▸ Assigned task
Print exactly the lines below between the line containing "It will first" and the line containing "As you use your", counting both of those lines. Leave pictures out.

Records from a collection
------------------------------------------------------------------------
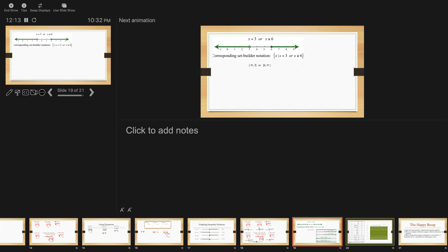This is called corresponding set builder notation. In this case, x could be less than 3, or — because they go in opposite directions — x is greater than or equal to 6. Notice the 6 is filled in. Here's how I would use set builder notation: the bracket on the left, x such that x is less than 3, or x is greater than or equal to 6. Anytime the arrows go in opposite directions, it has to be an or statement.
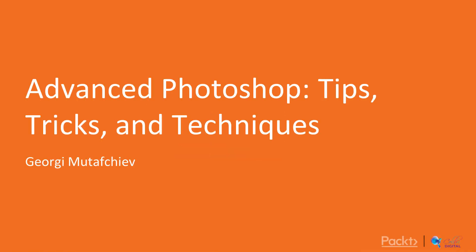Hello everyone and welcome to the overview video for the course Advanced Photoshop tips, tricks and techniques.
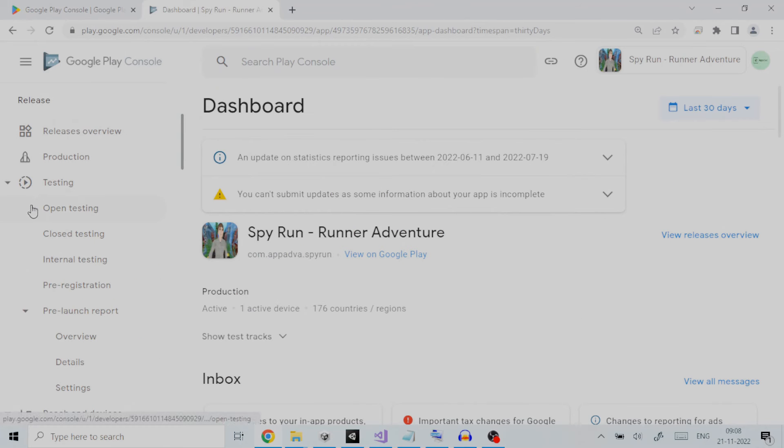By putting it out to Play Store you can test your application for how it would actually work in production when it is available to users.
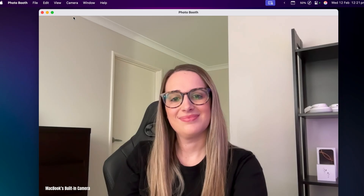Now let's do a quick comparison of my MacBook's built-in camera versus my iPhone 16 Pro's camera, so you can see how much of a difference using your iPhone camera will make.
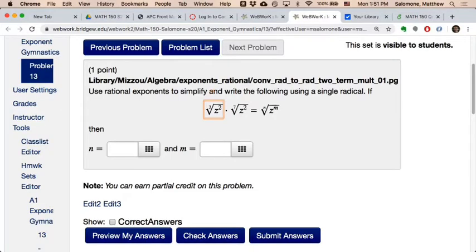One of the most overlooked skills in algebra, when thinking about exponents — and this is particularly something that is going to bite you in the rear end in calculus if we don't get this under our belts — is that a radical is not just a radical. A cube root is not just a cube root. A seventh root is not just a seventh root. It's easy to understand what a seventh root is, but it's hard to do something with a seventh root the way that it's written using a radical sign.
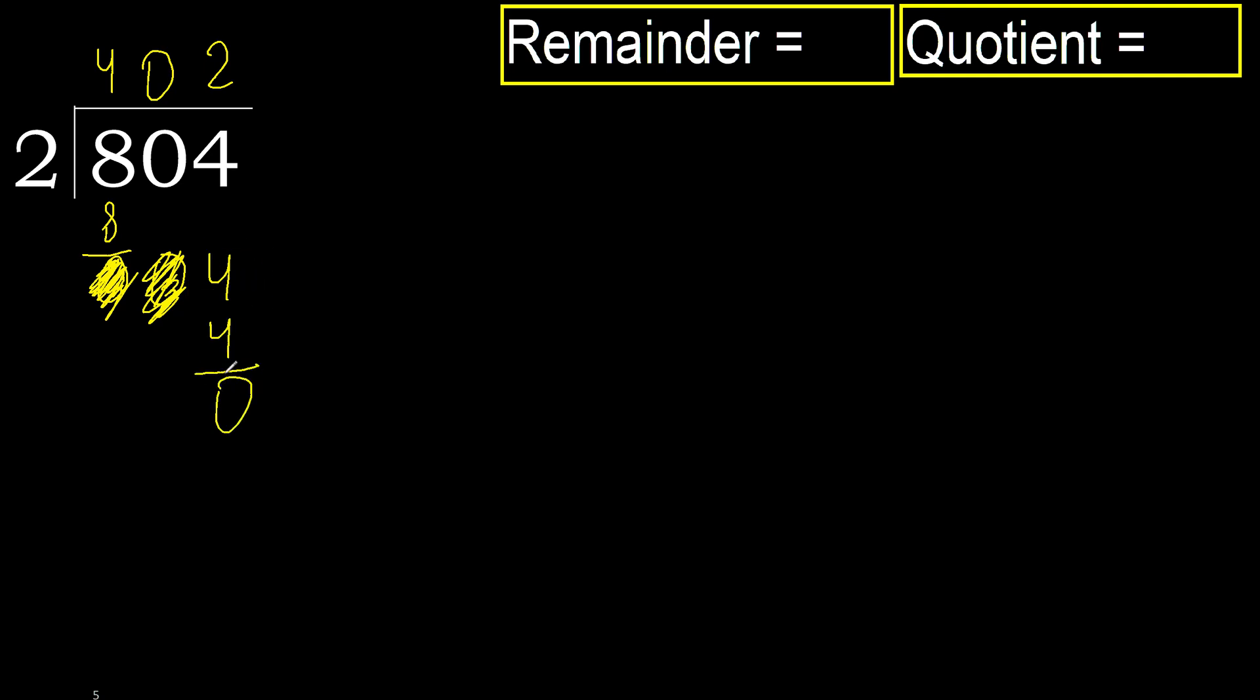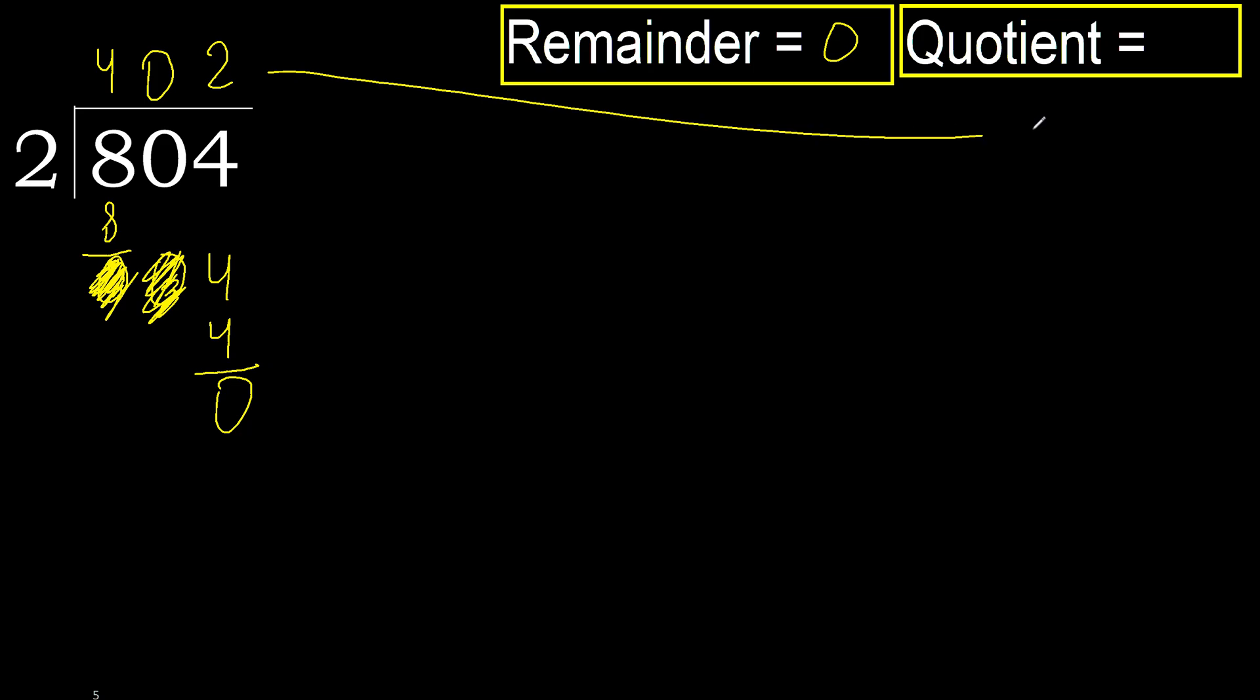Subtract next. There are no more numbers, therefore we finish. The remainder is zero, so eight hundred and four divided by two equals four hundred and two.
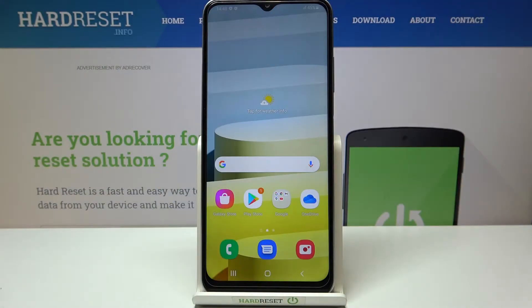Hi everyone, here we've got Samsung Galaxy A03s and let me share with you how to reset system settings on this device.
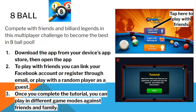Next is 8-Ball. 8-Ball is a fun game where you get to compete with friends and build your legend in this multiplayer challenge to become the best in 8-Ball pool. To play, first download the app from your device's App Store, then open the app. To play with friends, you can connect through your Facebook account, register through email, or play with a random player as a guest.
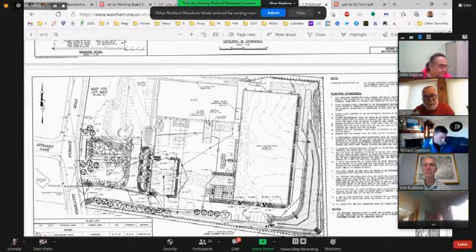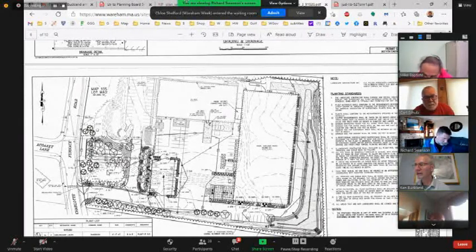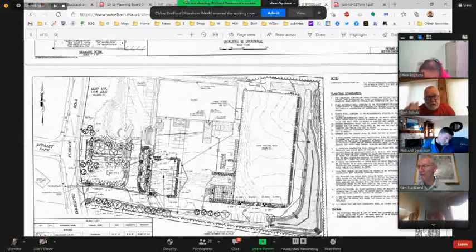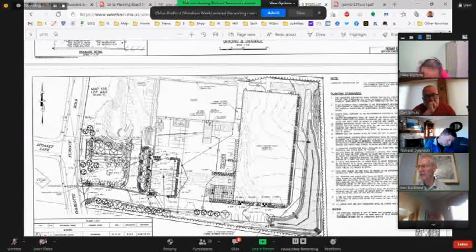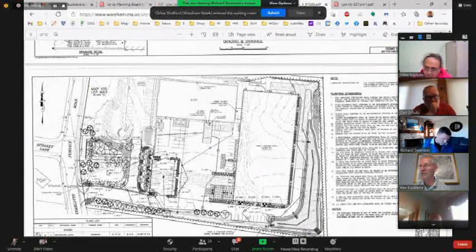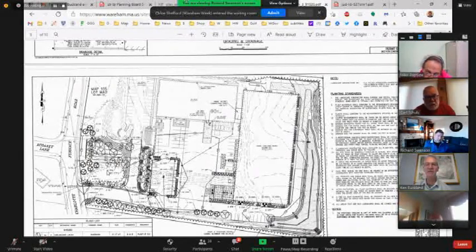The board moved to the next item: acceptance of preliminary subdivision plans. There are seven on the agenda, plus one additional submission not yet on the agenda. This is a formal process of acceptance of preliminary subdivision plans at a regular meeting of the planning board.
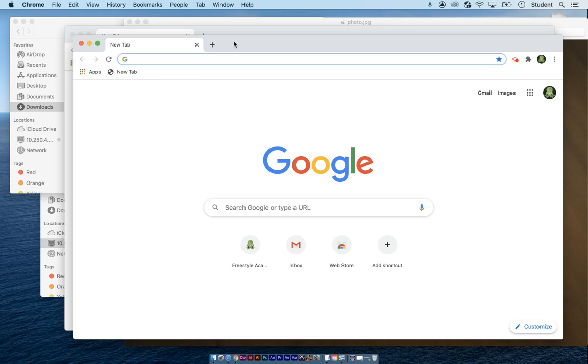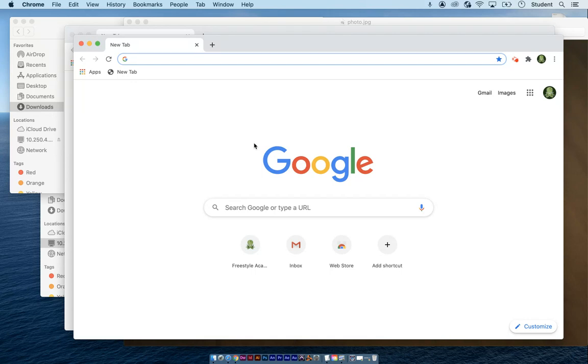So suppose you have many applications open, but you want to quickly get to one particular one. Like I know I have a text edit window open, but I don't know where it is in terms of the stacking of all this.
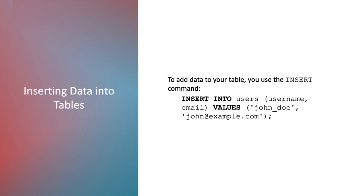VALUES is a keyword to specify the data that will be inserted into the specified columns. John Doe and john@example.com are the values that will be inserted into the username and email columns respectively.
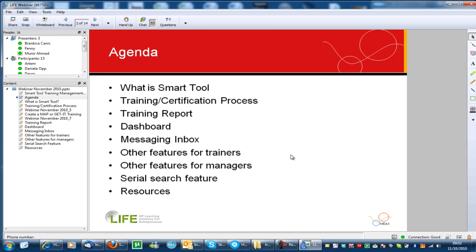This will be the agenda, so it will be quite intensive for one hour. First we will talk about what is Smart Tool, then I will show you how the training and certification process works, how you can get your training reports, which dashboards and information you can get, your messaging inbox where you can see all the communication between Smart Tool and yourself, and then other features for trainers and managers — including a very interesting surprise feature at the end: the serial search feature.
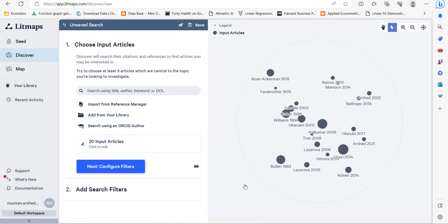It will first of all create a map like this. This map is showing the similarity or commonality between the studies.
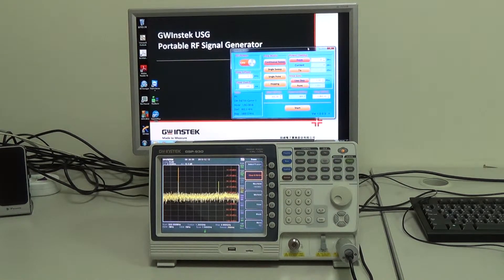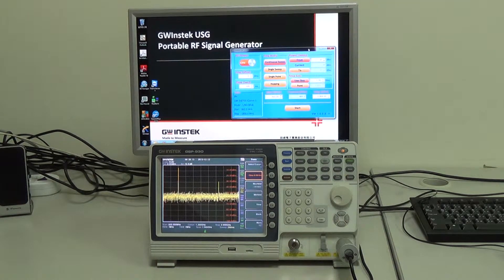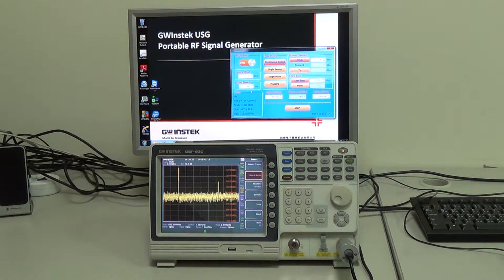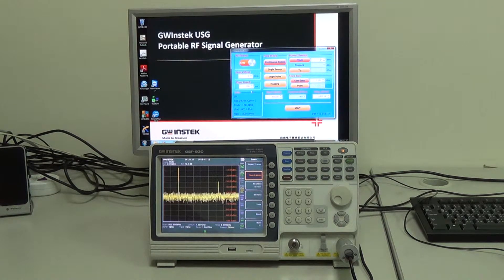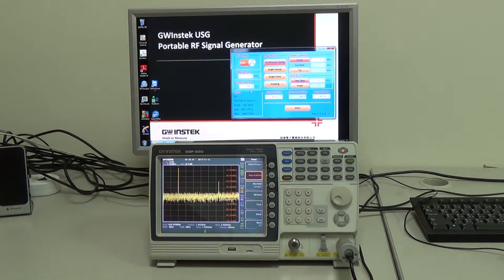First, we're going to use the USG PC application software. On this software, there is an information box that shows the model number and the starting and stop frequency of the USG: 0.8 to 1.8 GHz.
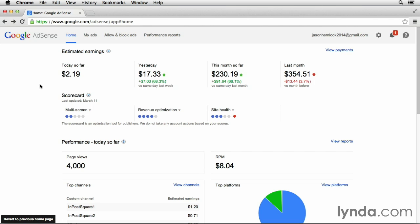As you use your Google AdSense account, you may receive messages and notifications from the Google AdSense team. When a new message or notification comes in, you'll be notified by a red icon in the top right corner of your screen.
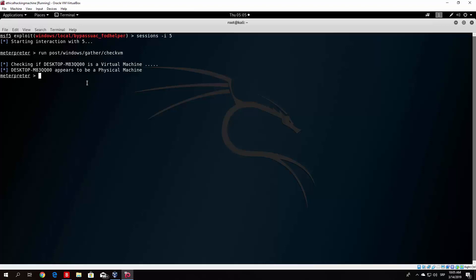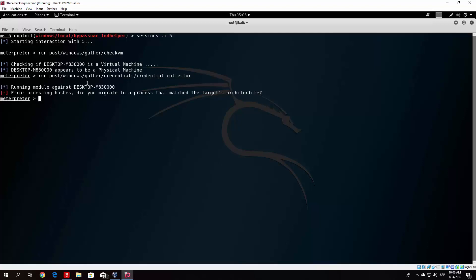The next useful module is the credential collector, which gives you the hashes of the accounts on the Windows machine. The module is 'run post/windows/gather/credentials/credential_collector'. However, it returned a running module error — 'did you migrate to a process that matches the target's architecture?' So we can try another one.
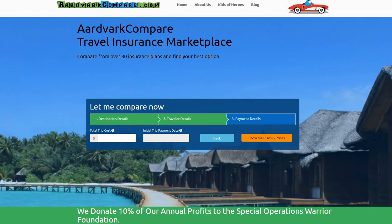This is the total trip cost for all of your travellers. Your trip cost is used to determine the price you pay for your travel plan. It's also used to determine the benefit that you'll receive for trip cancellation and trip interruption coverage. Remember that non-prepaid and refundable items are not covered by your insurance plan, so just include all your prepaid and non-refundable travel costs. Safe travels.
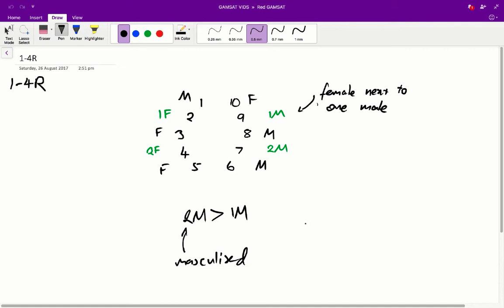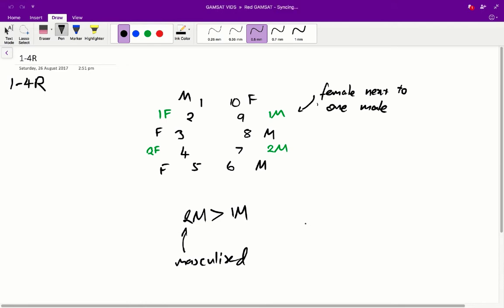B is not really mentioned in the stem, so we can sort of rule that out, it's not really a strong answer. C, levels of maternally produced hormones reaching the embryos, are not really indicated through the diagram or through the stem, and D is the correct answer. Levels of embryo-produced hormones reaching adjacent embryos, so basically, we can kind of tell, because we know that 2M females are going to be more masculinized than 1M females, so if you're next to a male, you're going to be basically more masculine, and therefore we can say that the secondary sexual characteristics are largely determined by the embryo-produced hormones reaching an adjacent embryo.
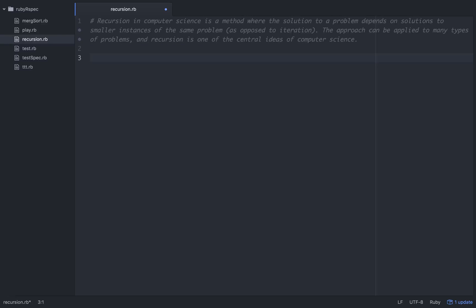So this is recursive rather than iterative. Let's think of an example — let's say we wanted to find the factorial of 5. Factorials basically means we want to multiply all the numbers from 1 up to 5 together: 1 times 2 times 3 times 4 times 5 equals 120. So the factorial of 5 is 120.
------------------------------------------------------------------------
▸ Solution
It will first of all create a map like this. This map is showing the similarity or commonality between the studies.
First, we're going to use the USG PC application software. On this software, there is an information box that shows the model number and the starting and stop frequency of the USG: 0.8 to 1.8 GHz.
As you use your Google AdSense account, you may receive messages and notifications from the Google AdSense team. When a new message or notification comes in, you'll be notified by a red icon in the top right corner of your screen.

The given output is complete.